BELCO TARGET AREA 2, Frio Trend and Yegua and Wilcox FormationS: (50% WI, 39.5%
NRI, Operator: Edge)
The Belco Project Area is located in Goliad, Bee and Victoria Counties,
Texas where the Company controls 36,657 acres through lease or option. The
primary exploration objectives for this project area, like the Nita/Austin
Project Area and the Spartan Project Area, are the shallow Frio gas
accumulations, with the secondary objectives being the deeper Yegua and Wilcox
formations. The Company and its partner on this project area, Belco Oil & Gas
Corp. ("Belco"), acquired a total of 44 square miles of proprietary 3-D seismic
data. The Company drilled six wells in this project area in 1997 resulting in
six discoveries and plans to drill in excess of ten additional wells in 1998.
7
BRANDON PROJECT AREA, Hockley, Pettus, Yegua, and Wilcox Formations: (50% WI,
38.5% NRI, Operator: Edge)
The Brandon Project Area is an 80 square mile, proprietary 3-D seismic
survey located in Live Oak and Duval Counties in South Texas. The Brandon area
is located near Edge's successful Buckeye project area where the Company made 15
successful discoveries from 19 wells drilled during 1997. The Company expects
the primary exploration objectives for this area to be shallow Hockley, Pettus
and Yegua sands, and potentially some deeper Wilcox targets. Drilling is
expected to begin in April 1998, and to continue throughout the year. Edge has
approximately 49,334 gross acres under option in this project area.
BUCKEYE/CLAYTON/BEE COUNTY PROJECT AREAS, Hockley, Pettus, Yegua and Wilcox,
Formations (50-100% WI, 37.5% - 81% NRI, Operator: Edge)
The Buckeye Project/Clayton/Bee County Project Areas are located in Live
Oak and Bee Counties, Texas adjacent to the Company's Tyler Project Area. The
Company currently holds approximately 51224 gross acres under option or lease
and has acquired an approximate 97 square mile 3-D seismic survey of the area.

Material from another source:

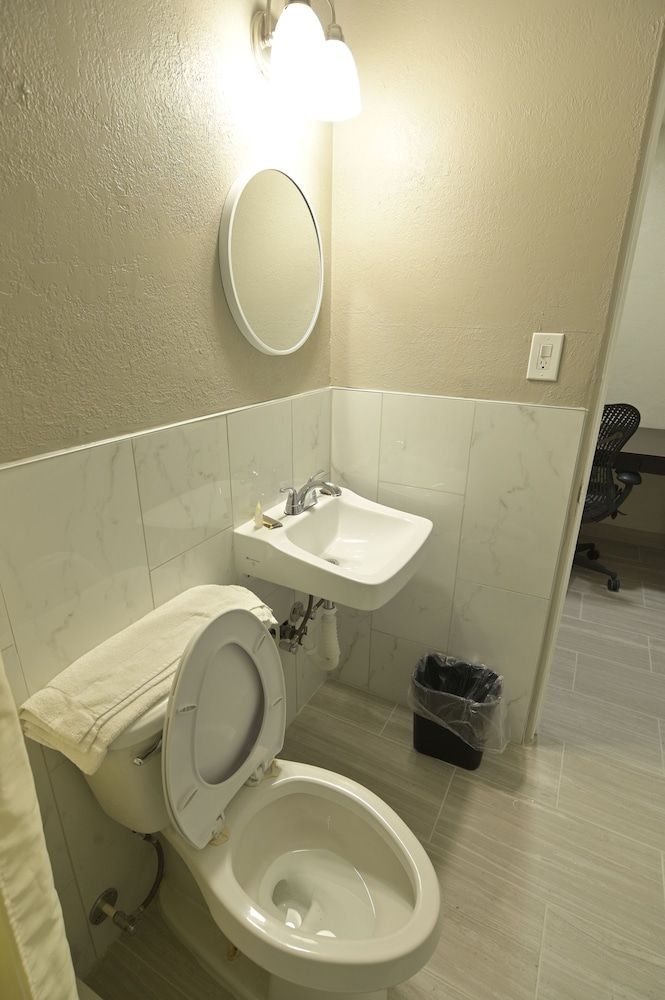 Deluxe Inn and Suites Weslaco4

As with the Tyler Project Area, the exploration objectives for these project
areas are the shallow zones of the Hockley, Pettus and Yegua formations and the
deep zones of the expanded upper Wilcox formation. This area continues to be
one of the Company's most active areas. The Company drilled 25 wells in this
area during 1997, with 18 discoveries. The Company has expanded the target in
this project area and has budgeted to drill at least 18 more wells in the area
during 1998.
CAMERON PROJECT AREA, Jackson, Yegua and Wilcox Formations: (50% WI, 37.5% NRI,
Operator: Edge)
The Cameron Project Area is located in Webb and Duval Counties, Texas in
the prolific structurally complex Wilcox trend and the highly stratigraphic
Jackson, Yegua trend. The Company and a partner have underwritten approximately
325 square miles of non-proprietary 3-D seismic data in this project area. The
Company has received the first phase of the data and expects most of the
remaining data to come in throughout 1998. Although much of the acreage is held
by production, Edge has budgeted to drill two shallow and two deeper prospects
during 1998. The Company is entitled to 50% of any interests acquired by the
Company and its partner in prospects developed in this project area.

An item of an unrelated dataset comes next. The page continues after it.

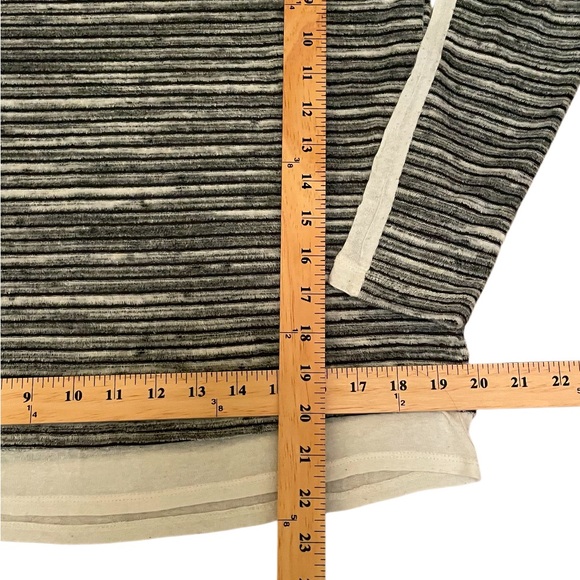 Lightweight Sweater Top by Splendid size Small - Picture 7 of 7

EAST MCFADDIN PROJECT AREA, Frio Formation: (20% WI, 16.5% NRI, Operator:
Pennzoil Company)
The East McFaddin Project Area is located in Victoria County, Texas. In
1995, the Company obtained a 40% working interest in a 4,680 acre lease in the
project area by agreeing to conduct and pay for a 3-D seismic survey of the
project area. Subsequently, the Company expanded its leasehold acreage and
purchased options for 1,760 acres. The Company then obtained a partner to fund
an approximately 11 square mile 3-D seismic survey in exchange for 50% of the
Company's 40% interest. Two successful wells and three dry holes have been
drilled on this lease since acquisition of the 3-D seismic data.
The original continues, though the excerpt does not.